Data in this exercise >>
[Start of Attachment]

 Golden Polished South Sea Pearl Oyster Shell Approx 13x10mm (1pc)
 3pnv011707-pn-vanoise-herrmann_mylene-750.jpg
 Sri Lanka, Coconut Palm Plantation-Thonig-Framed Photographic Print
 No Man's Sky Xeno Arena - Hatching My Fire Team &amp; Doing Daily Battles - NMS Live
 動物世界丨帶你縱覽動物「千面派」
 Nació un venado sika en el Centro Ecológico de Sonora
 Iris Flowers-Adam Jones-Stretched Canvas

[End of Attachment]
[Start of Attachment]

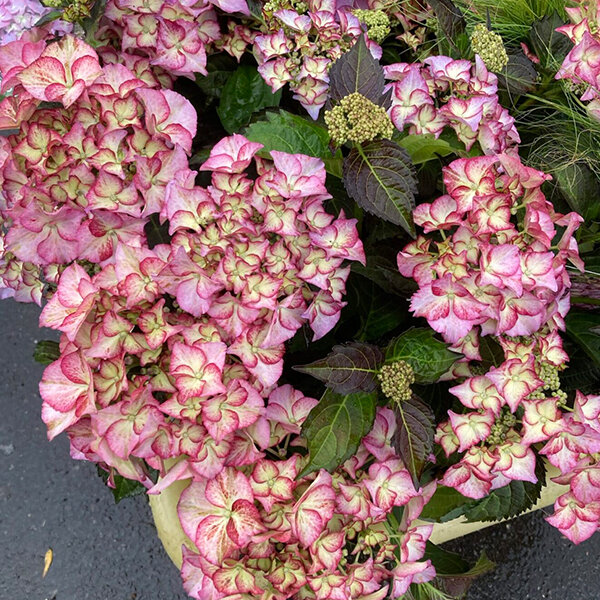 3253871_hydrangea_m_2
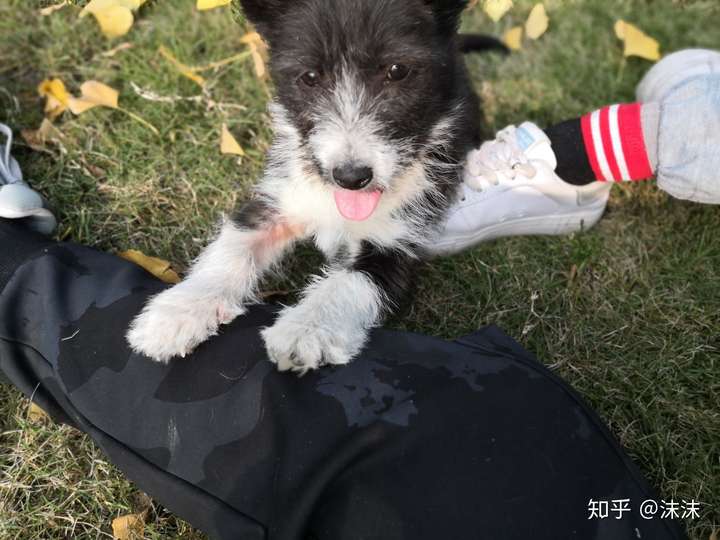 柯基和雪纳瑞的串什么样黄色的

[End of Attachment]

Exercise prompt >> Print the lines above from the one with "Golden Polished South" through the one with "Iris Flowers-Adam Jones-Stretched Canvas", both included, exactly as written and nothing more.

Answer below >>
 Golden Polished South Sea Pearl Oyster Shell Approx 13x10mm (1pc)
 3pnv011707-pn-vanoise-herrmann_mylene-750.jpg
 Sri Lanka, Coconut Palm Plantation-Thonig-Framed Photographic Print
 No Man's Sky Xeno Arena - Hatching My Fire Team &amp; Doing Daily Battles - NMS Live
 動物世界丨帶你縱覽動物「千面派」
 Nació un venado sika en el Centro Ecológico de Sonora
 Iris Flowers-Adam Jones-Stretched Canvas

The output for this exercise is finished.